1.)Write the net-ionic equation for the following titration at the equivalence point Strong acid (HA) and...

Net-ionic equation for the following titration at the equivalence point..

1. Strong acid (HA) and Strong Base (MOH):

HA + MOH = M⁺A^- + H₂O

2. Weak acid (HB) and Strong Base (MOH):

HB + MOH = M⁺B^- + H₂O

At equivalence point salt will be hydrolysed..

B^- + H₂O = HB + OH^- .... Net reaction at equivalence point.

3. Weak base (B) and Strong acid (HA):

HA + BOH = B⁺A^- + H₂O

B⁺ + H₂O = BOH + H⁺.... Net reaction at equivalence point.

The titration curves:

1. Adding 100 mL of 1.0M NaOH to 50.0 mL of 1.0M HCl.

This is a titration of strong acid with a strong base. Use the relation V₁S₁=V₂S₂ to determine the conc of H+ in the solution and determine pH.

Volume of alkali added                                 pH

0                                                                         0.00

25                                                                       0.48(mid point)

50                                                                       7.00(eqv point)

50.1                                                                   11.00

50.5                                                                   11.70

2. Adding 100 mL of 1.0 M NaOH to 50 mL of 1.0M HCN.

HCN andNaCN will act as buffer upto eqv point. Before eqv point pH can be measured using Henderson equation pH= pK_a + log [salt]/ [acid]. At mid point salt and base concentration will be same, hence pH= pK. At eqv point CN^- will be hydrolysed and pH can be measured using the eqn pH= 0.5[pK_w + pK_a + logC].After eqv point pH can be measured simply by determining conc of OH^- in the solution.

Volume of alkali added                                 pH

0                                                                         0

25                                                                       9.2

50                                                                       11.4

50.5                                                                   11.7

3. Adding 100 mL of 0.10 M HCl to 50 mL of 0.10 NH₃:

Same method as above.
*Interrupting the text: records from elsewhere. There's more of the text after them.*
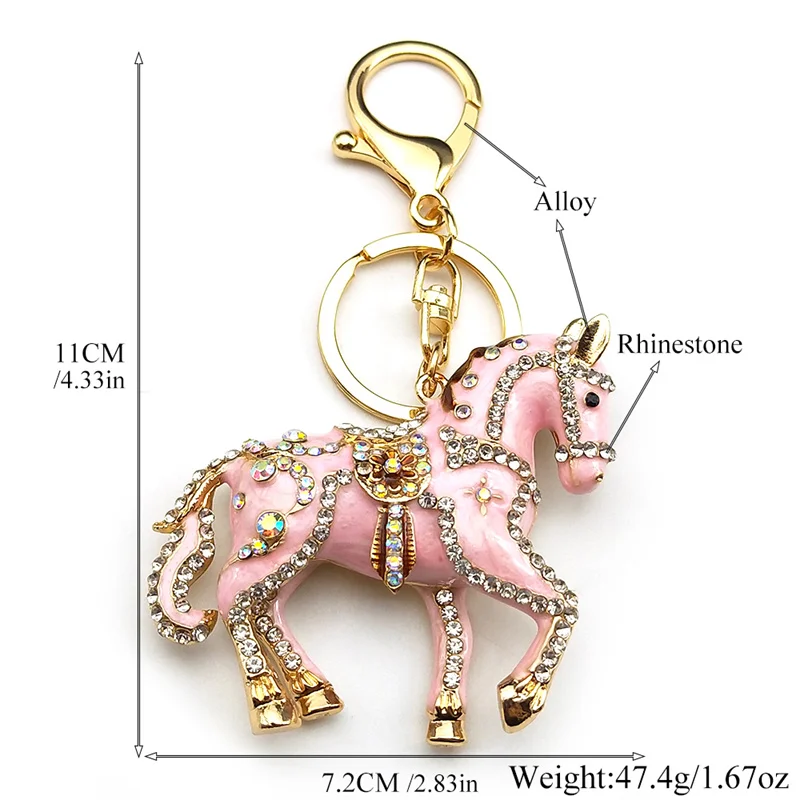 Mode Pferd Pony Schlüsselbund Frauen Männer Tier Voller Strass Kristall Schlüssel Ketten Halter Handtasche Anhänger Für Auto Schmuck Geschenk – Detail 3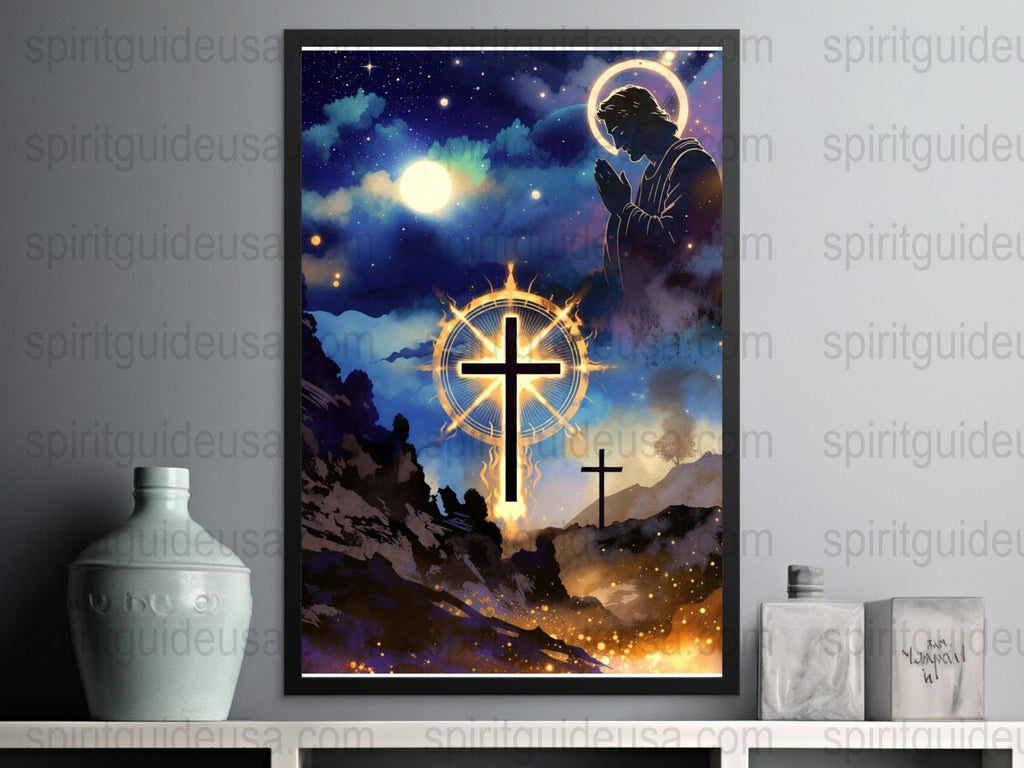Religious Art Print Poster, Spiritual Christian Decor, Saint and Cross Under Starry Night Sky, Wall Art for Home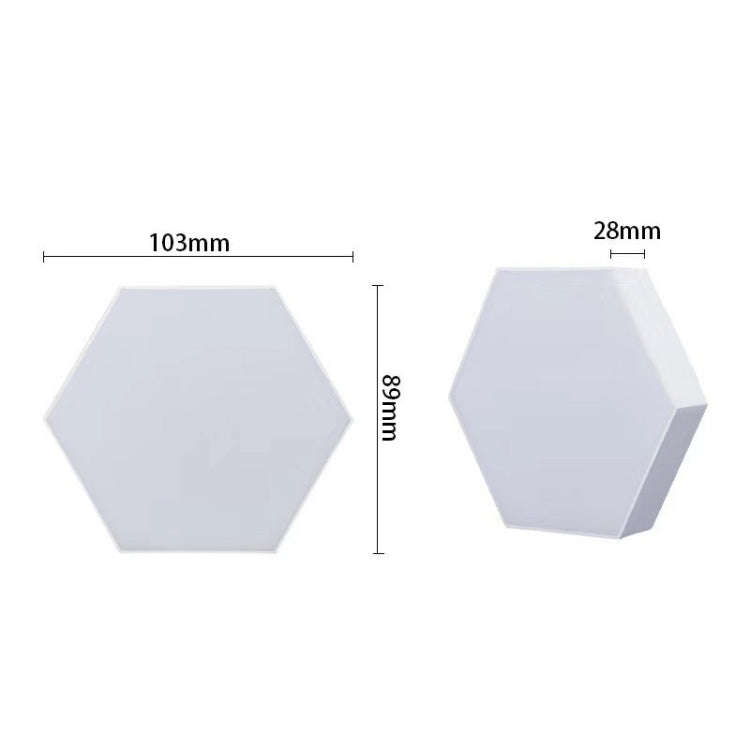 10pcs/set RGB Symphony Hexagon Lights DIY Bedside Ambient Wall Lamp Smart Honeycomb Light(Bluetoo...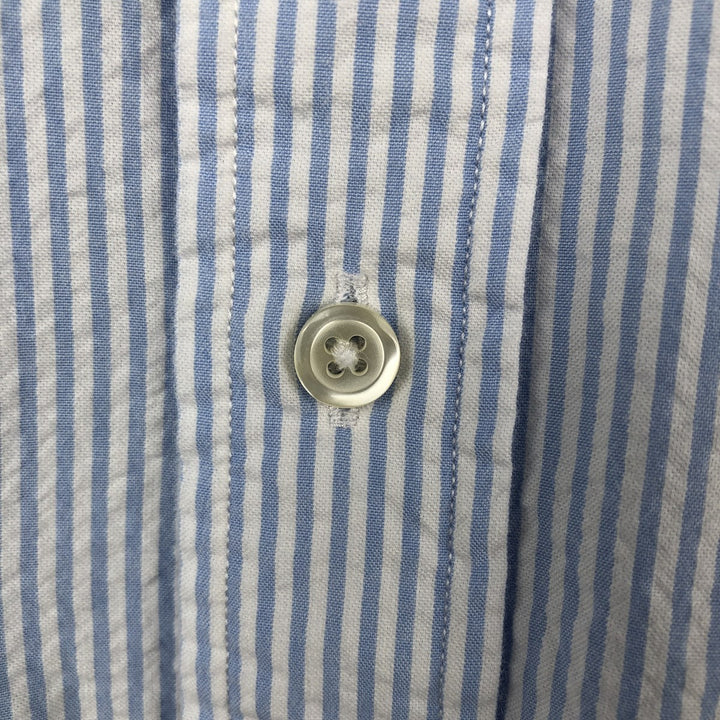 Brooks Brothers 1818 REGENT All-over print seersucker short-sleeve button-down striped shirt, men's size XL (approx.) cotton Blue type light blue Vintage Second Hand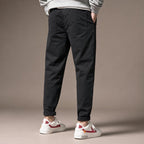 Tapered Cargo Pants Drawstring Waist Relaxed Fit Black – Full Look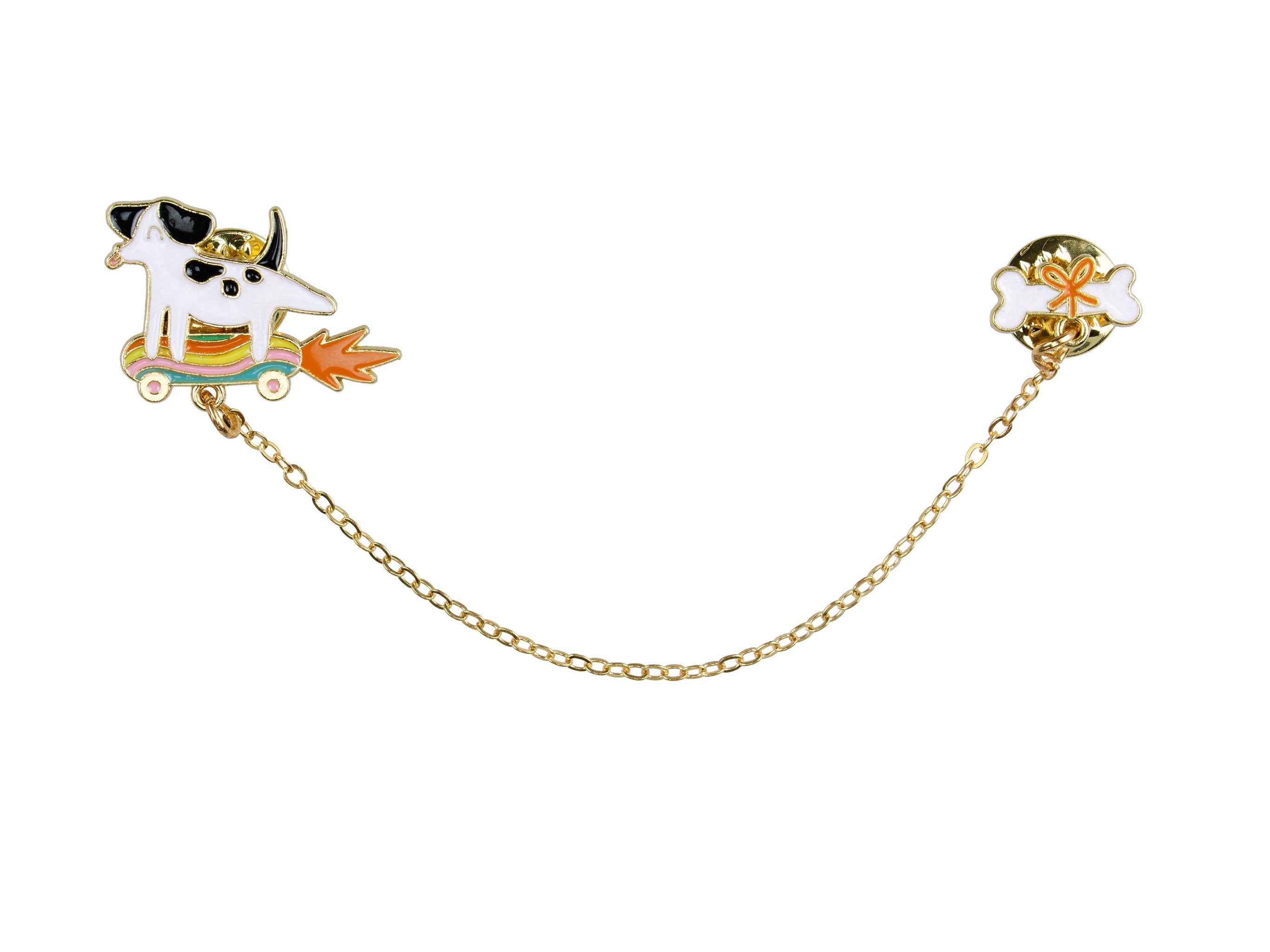 partydeco Manschettenknöpfe, Manschettenknöpfe mit Kragenkette Hund Motiv 13cm Gold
The equations will be slightly changed.

pOH = pK_b + log [salt]/[base] upto eqv point

pH= 14 -pOH

At eqvpoint, pH= 0.5[pK_w - pK_b - logC]

Volume of acid added                                   pH

0                                                                         13.3

25                                                                       9.3

50                                                                       5.3

50.1                                                                   4

If the eqv point comes at pH=7, then you can assume that the solutions you are using are strong acid and base. If eqv point comes below 7 you can assume that the acid is strong and the base is weak. If eqv point comes above 7, the base is strong and the acid is weak.